Lot Essay
A monumental panorama spanning three metres in width, Peter Doig’s House of Pictures (Haus der Bilder) is an extraordinary painting that dramatises the sensation of looking at art. Executed between 2000 and 2002, it is among the defining works of the thrilling, transformative period that straddled his return to Trinidad. Depicting a mysterious lone figure peering through a dark gallery window, the work is a masterpiece of self-reflection, capturing the spirit of an artist whose oeuvre is rooted in the observation and assimilation of images. Combining bold geometric rhythms with lyrical washes of electric colour, it draws together a staggering array of sources, uniting references to art and film with Doig’s own photographs and memories. Originally held for sixteen years in the prestigious collection of David Teiger, the work is the grand centrepiece of a remarkable series that includes Metropolitain (House of Pictures) (2004, Pinakothek der Moderne, Munich) and House of Pictures (Carrera) (2004). It has been prominently exhibited throughout its lifetime, featuring in major touring retrospectives at the Scottish National Gallery, Edinburgh (2013) and the Fondation Beyeler (2014-2015).

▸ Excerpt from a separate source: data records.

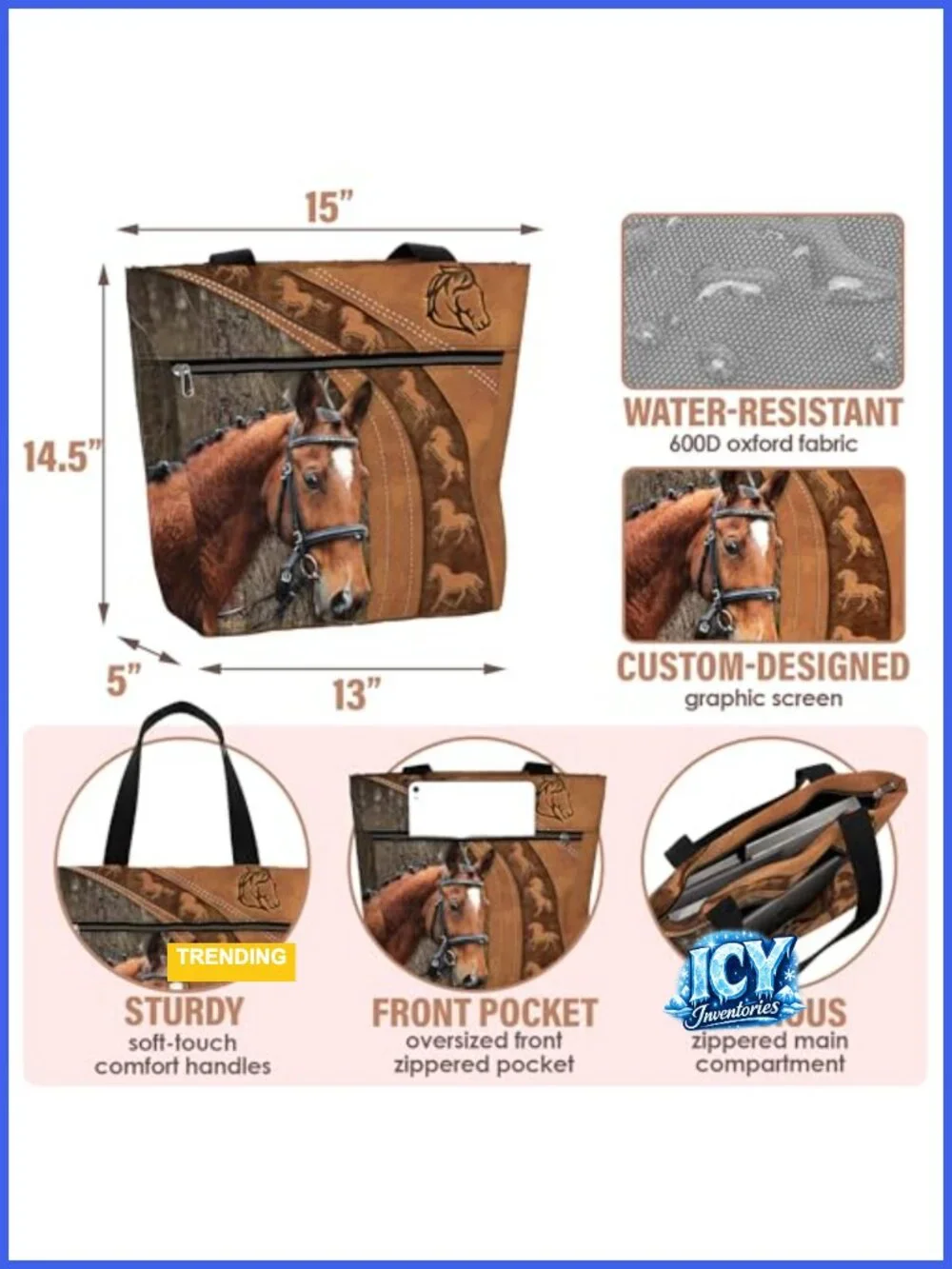Horse Tote Bag for Women with Zipper Pocket, 15-Inch Laptop Bag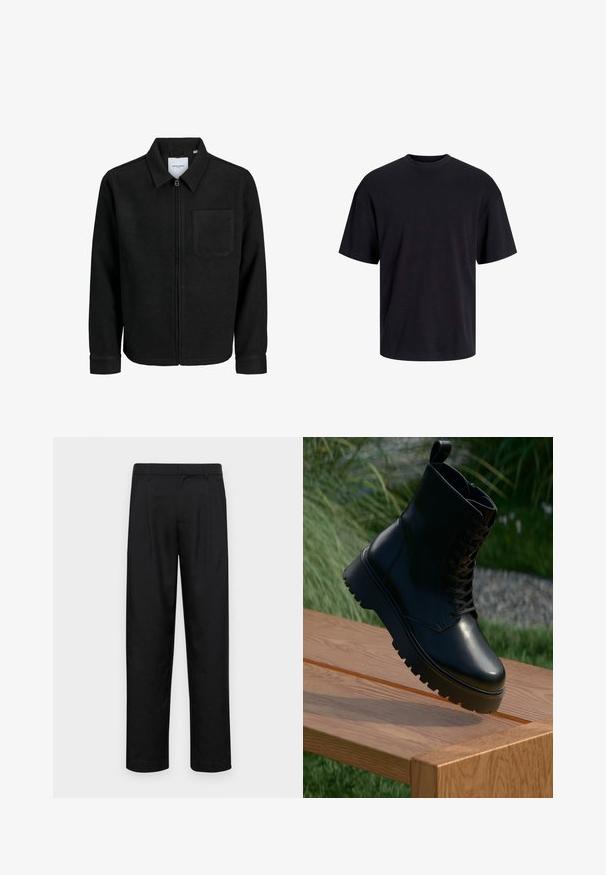 Melna jaka ar rāvējslēdzēju un apkakli, vienu krūšu kabatu, parādīta uz baltas fona.; Melns kokvilnas T-krekls ar apaļu kakla izgriezumu, īsām piedurknēm un brīvu piegriezumu. Gluda tekstūra un nav redzamu rakstu vai akcentu.; Melnas bikses, izgatavotas no gludas auduma, ar taisnu kāju dizainu, divām priekšējām krokām un standarta jostu, kurai ir āķi.; Melnas ādas potītes zābaki ar teksturētu virsmu, aukliņu aizdari un masīvu, rievotu zoli. Izvietoti uz koka virsmas ar zāles fona.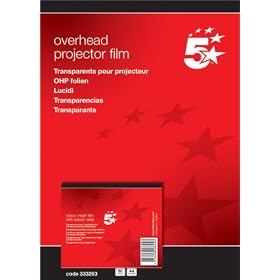 5 Star OHP Film Inkjet General Purpose 100 micron A4 Clear [Pack of 50]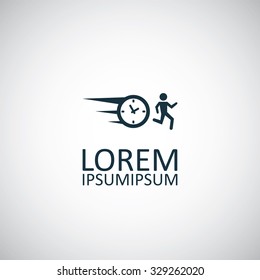 man running time icon, on white background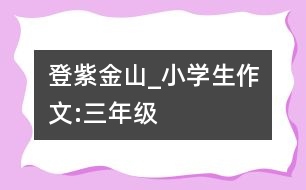 登紫金山_小學(xué)生作文:三年級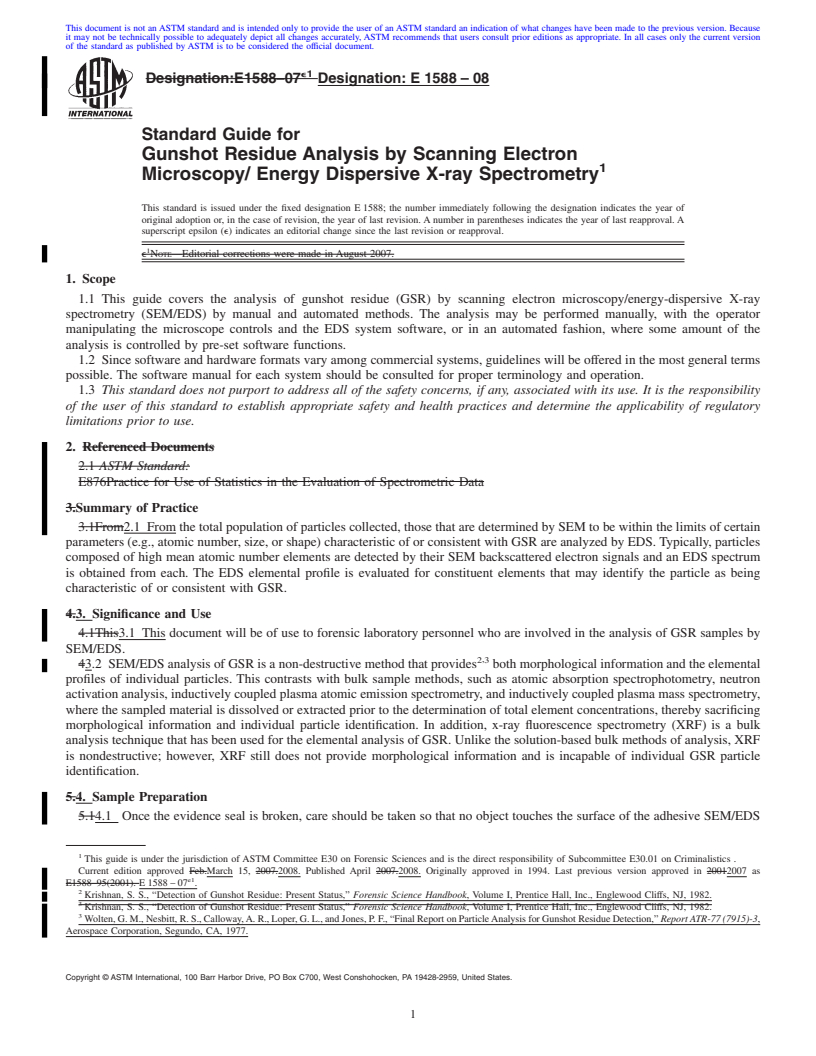 REDLINE ASTM E1588-08 - Standard Guide for  Gunshot Residue Analysis by Scanning Electron Microscopy/ Energy Dispersive X-ray Spectrometry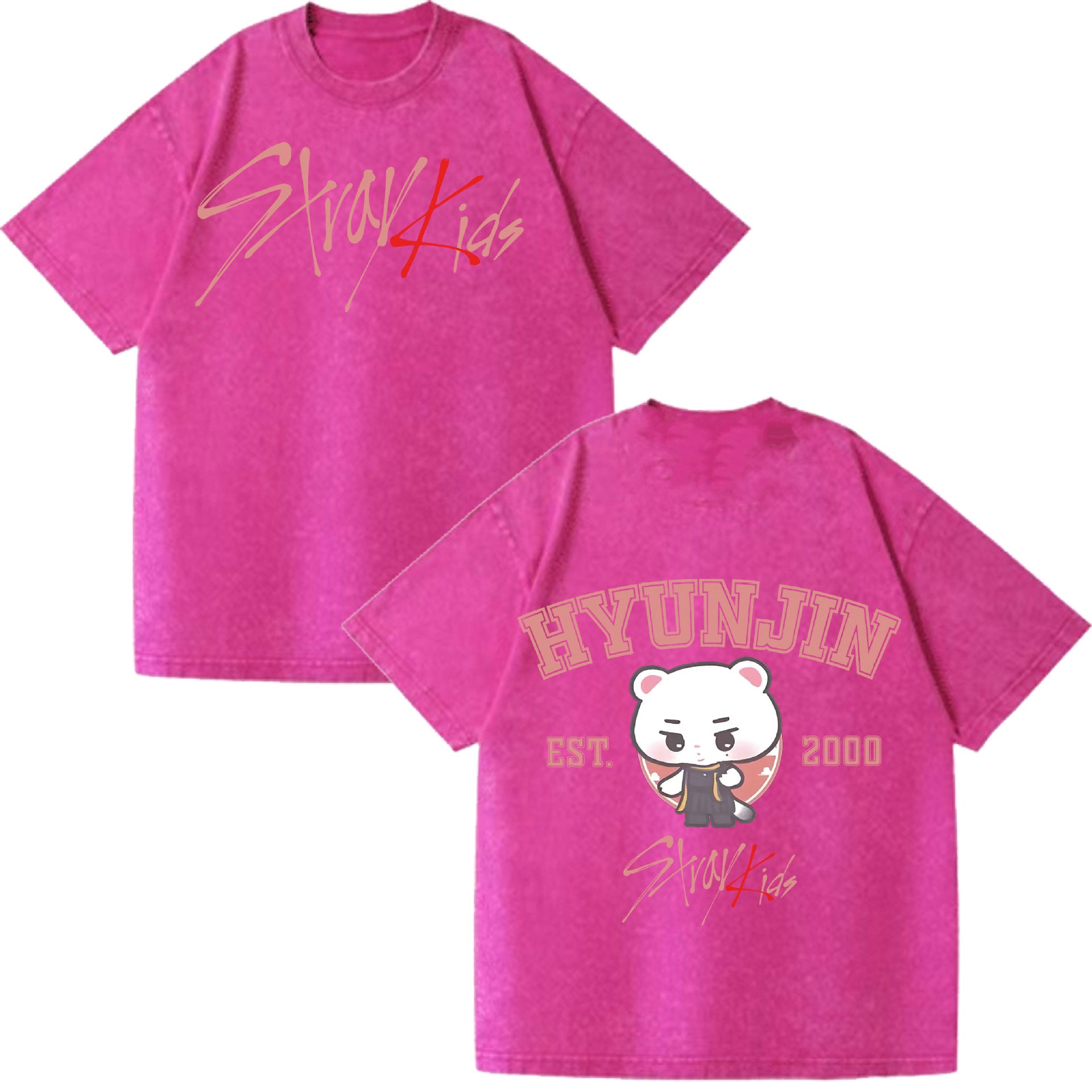 HYUNJIN KPOP Cotton Short-sleeved Washed T-shirt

At the turn of the millennium, Doig was enjoying extraordinary international acclaim. In 2000, he undertook an artist’s residency in Trinidad, where he had spent his earliest childhood years. The trip sparked feelings of longing and nostalgia, prompting him to return to the island in 2002. The move brought about a significant shift in his practice. Where Doig’s paintings of the 1990s had been dominated by thick, near-sculptural layers of impasto, he now embraced thin washes of paint, translucent layers and luminous, hallucinogenic colour. Along with masterworks such as 100 Years Ago (2001, Centre Georges Pompidou, Paris) and Gasthof zur Muldentalsperre (2000-2002, Art Institute of Chicago), House of Pictures takes its place at the dawn of this period. Rendered in dazzling tones of green, pink, red and blue, it confronts the viewer like a hazy mirage. Woven into its surface are echoes of art history: of Hopper’s lonely streets, the radiant hues of Matisse, the geometries of Minimalism and the rich, gestural textures of colour field painting. It is a portrait of how looking at pictures can help us make sense of the world around us, and return us to times and places lodged deep within our memory.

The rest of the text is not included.